The emergence of SARS-CoV-2 during the 2019–2020 COVID-19 pandemic led to a significant change in the circulation of other respiratory viruses, such as influenza viruses and respiratory syncytial virus, which temporarily ceased their circulation. The unprecedented decline in influenza virus circulation worldwide, including in Kazakhstan, during the COVID pandemic was apparently due to factors such as viral interference against the background of COVID-19 infection and the strengthening of anti-epidemic measures [29,30]. In the post-pandemic period, a partial change in the seasonality and epidemiology of respiratory viruses was observed, due to the influence of co-circulation of SARS-CoV-2 [31,32]. The 2020–2021 and 2021–2022 epidemic seasons saw changes in seasonal patterns, delayed peaks, and decreased genetic diversity of circulating A(H3N2) viruses. Following the lifting of SARS-CoV-2-related restrictions, the A(H3N2) virus caused an outbreak in southern China in the summer of 2022 and continues to circulate among humans [9]. A trend toward increased respiratory infection rates due to the easing of pandemic restrictions and changes in vaccination rates has also been observed in the United States [33].

In Kazakhstan, the A(H3N2) virus began to be detected starting from weeks 42 to 52 of 2021 [34]. In our study, the main group was formed by children from birth to adolescence (0–17 years), who made up 56.91% of the sample; the adult population (18–65) made up 26.86%, and the elderly ≥65 years old—16.23%. The high percentage of samples obtained in the pediatric age group may be associated with the number of children and adolescents who sought help from medical institutions, as well as their high share (about 33%) of the population of Kazakhstan at the beginning of 2025 [35]. The results of the present study correlate with the data obtained in previous studies [6,8,13,29,32].

Our studies also revealed a trend toward seasonal patterns in influenza virus circulation.
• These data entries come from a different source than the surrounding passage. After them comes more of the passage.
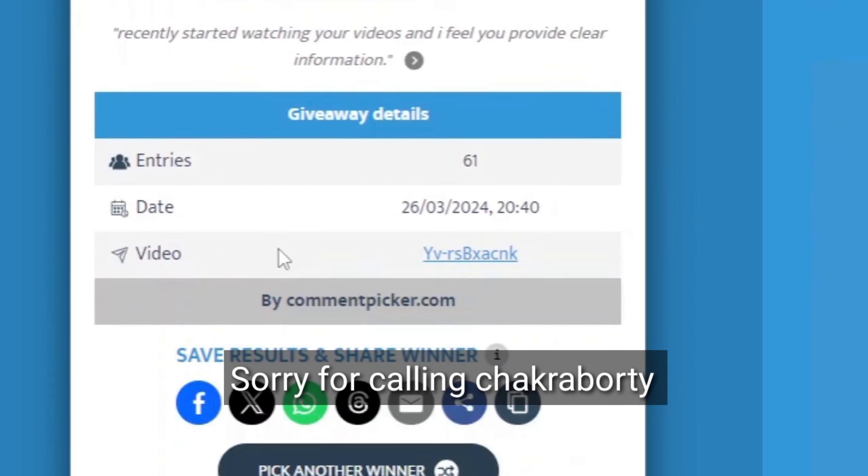You can inform me in the group that you are the winner of the giveaway. You can tag me or tag any of the admin in our Telegram group and we will provide you with your account.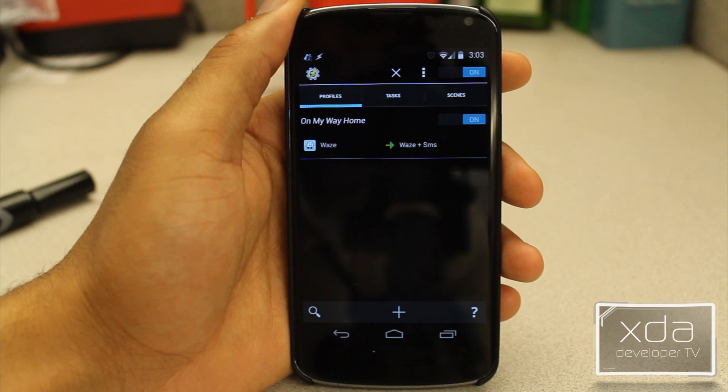The profile on my way home is launched by opening the app Waze. That sounds like a good idea, however what if I open Waze in the middle of the day on accident — what if I just open it to check the weather, check the traffic, or see what's going on around me? Well then that's going to launch my task, and that's something I don't want it to do.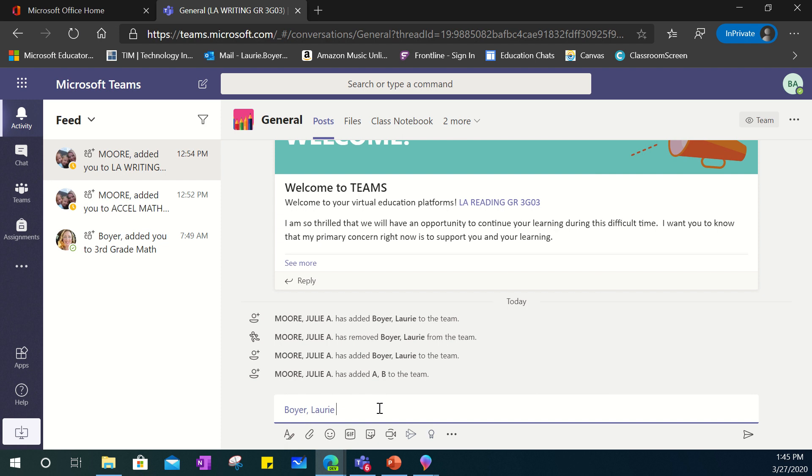We do want to remind students to make sure to be good digital citizens when in these platforms so therefore you want to make sure that you're using proper etiquette for communicating and collaborating in an online environment.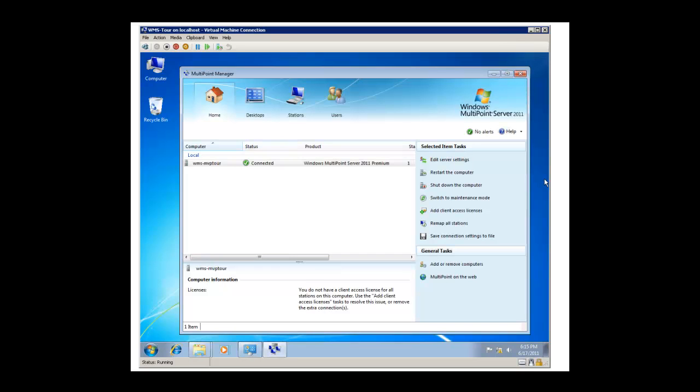Hi, this is Tim Barrett with NoGeekLeftBehind.com and today we're going to backup a server and clone it to another server. The server we're going to use is Windows Multipoint Server 2011.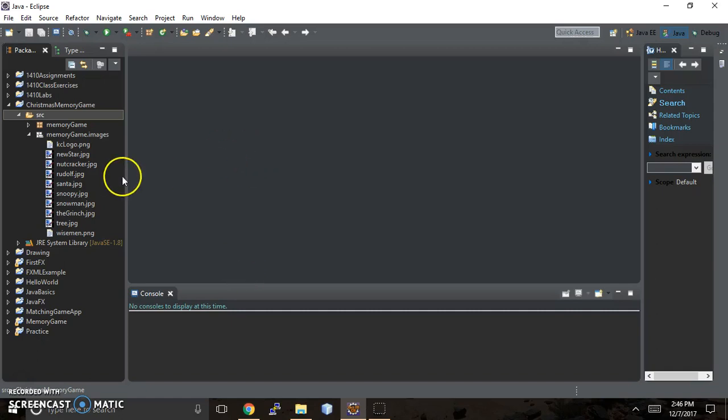Hi, it's Karen here back with Karen Codes. We are on part six of the memory game and we just finished going over Window Builder and how it can help you design your GUI layout.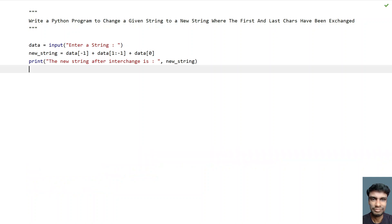This is the complete Python program to change a given string to a new string where the first and last characters have been exchanged. I will give this code in the description of this video. That's it for this video — hope you liked it, thank you for watching.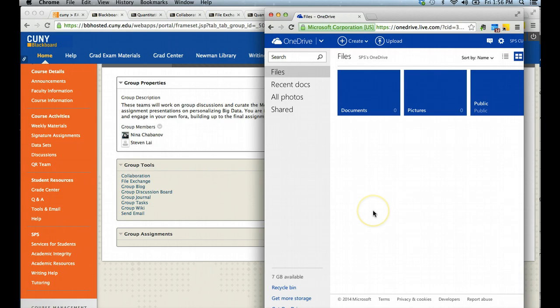With access to these different tools and applications, you should be able to more easily complete group assignments and group projects required for your different courses.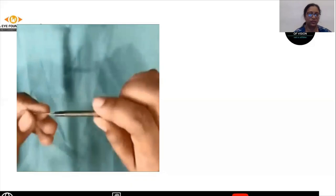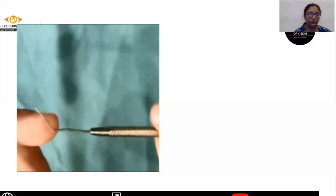The Vannas scissors are used to cut the iris. The next step is to push the prolapsing iris back into the anterior chamber, for which we use an iris repositor.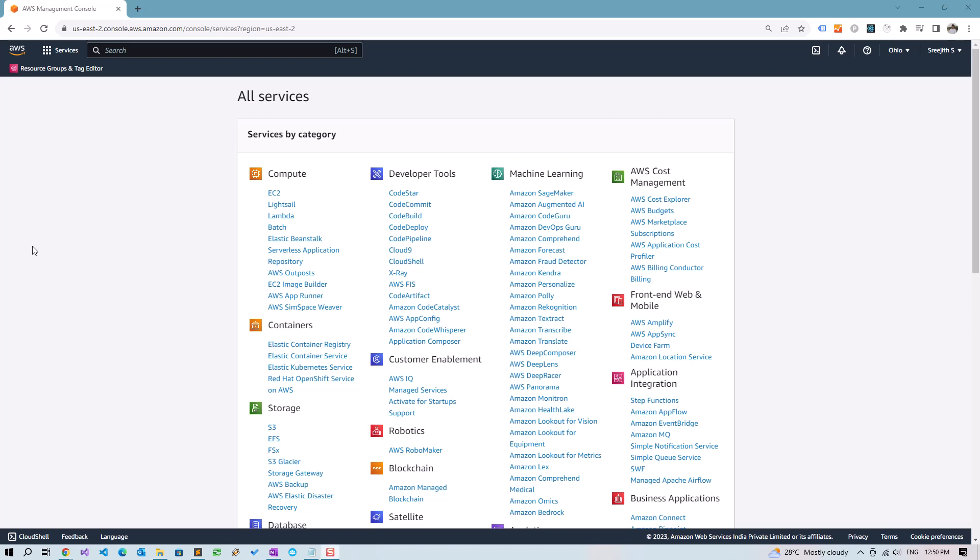Hello, in this video we will learn how to install WebHarvy on an Amazon AWS EC2 Windows instance.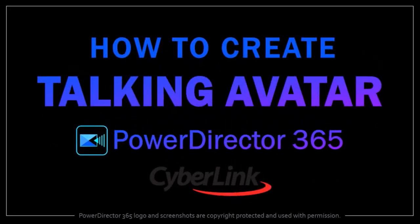Hey guys, Anthony here with a tutorial on how to create AI talking avatars in PowerDirector 365, which is an AI video editor.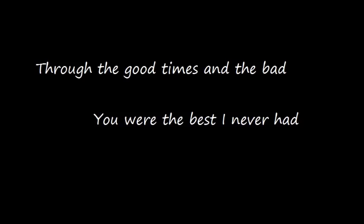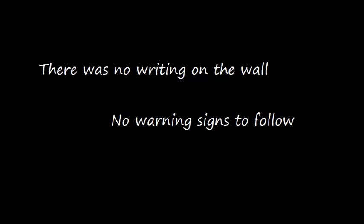Through the good times and the bad, you were the best I never had, the only chance I wish I had to take. But there was no writing on the wall, no warning signs to follow, I know now. And I just can't forget, you're the best I never had. Na-na, na-na-na, the best I never had.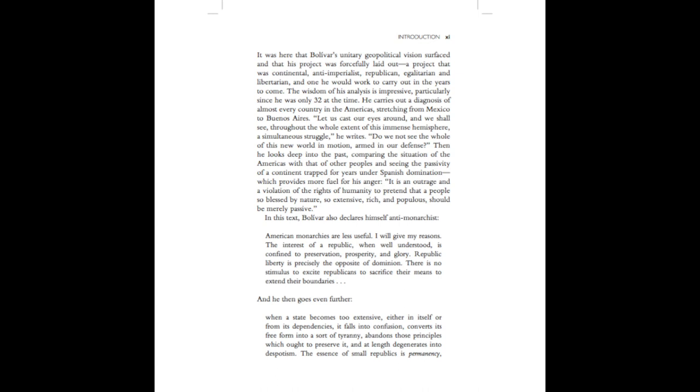The wisdom of his analysis is impressive, particularly since he was only 32 at the time. He carries out a diagnosis of almost every country in the Americas, stretching from Mexico to Buenos Aires. Let us cast our eyes around, and we shall see, throughout the whole extent of this immense hemisphere, a simultaneous struggle, he writes. Do we not see the whole of this new world in motion, armed in our defence?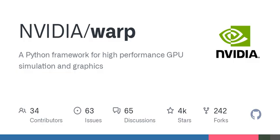Additional resources, publications, FAQs, support channels, versioning, licensing, contributing guidelines, and citation information are available for users interested in learning more about Warp.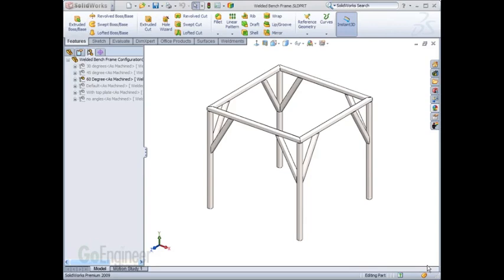One of the most important parts of a good simulation is choosing what type of element style to use for your simulation study. There are three different types of elements used in SOLIDWORKS simulation: solid elements, shell elements, and beam elements.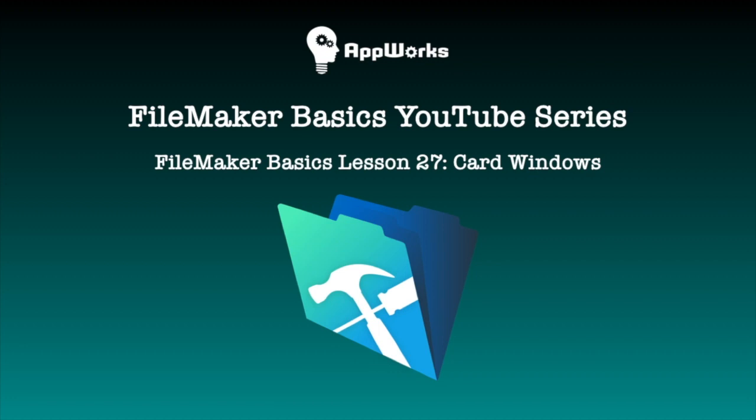Hi this is Michelle at AppWorks and today I'm going to show you how to use a specific type of window in FileMaker called a card window. So let's dive in.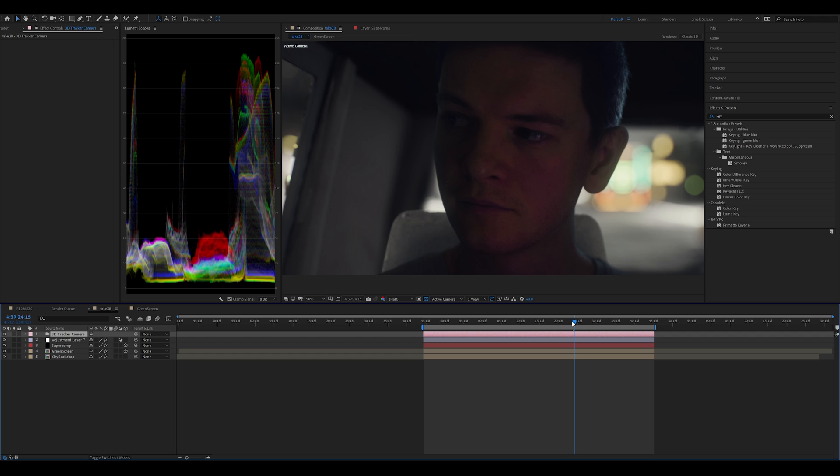so thanks for joining me on this brief dive into after effects and using unreal backgrounds and trying to match the two refining the lighting is where the effort needs to go next thanks for joining me and I'll see you on the next one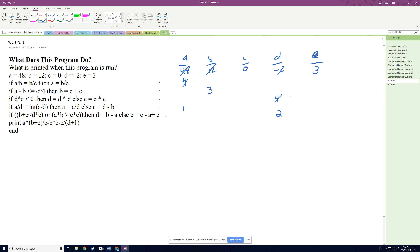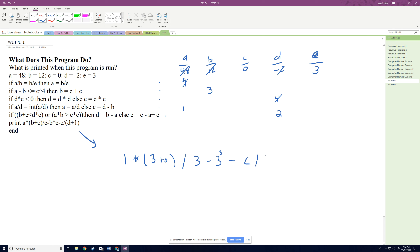Now we evaluate the print expression using those final values. We have: a times b plus c divided by e, minus b to the e, minus c divided by d plus 1. Substituting: 1 times 3 plus 0 divided by 3, minus 3 to the third, minus 0 divided by 2 plus 1. c is 0 so that term drops out, and d plus 1 is 3.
Thus, the proportion of A(H3N2) viruses increased during the 2020–2021, 2021–2022, and 2023–2024 epidemic periods, while only isolated cases were observed in 2022–2023 and 2024–2025. In serological studies, antibodies to influenza A(H3N2) viruses were also detected more frequently during the 2020–2021, 2021–2022, and 2023–2024 epidemic seasons. The obtained data correlate with the data presented in the information on laboratory epidemiological surveillance of influenza (Figure 4) [36]. When comparing our data with the WHO influenza surveillance data, a correlation is observed. However, the correlation for influenza A(H1N1) and B viruses is low. Significant correlation values were found only for H3N2 viruses. The majority of nasopharyngeal swab samples were obtained from children aged 17 years and younger, accounting for 57.62% of the total sample. The second largest group consisted of individuals of working age (18–64 years). Individuals over 65 years of age accounted for approximately 16.08% (Figure 1a). The highest number of positive samples (63.84%) for influenza viruses in RT-PCR was detected in children and adolescents; the lowest number of positive results for the influenza virus was found in older patients, which accounted for 10.10% of the total number of positive samples. This is consistent with data from other studies indicating the key role of school-age children in the seasonal spread of influenza due to their close contact in schools [37].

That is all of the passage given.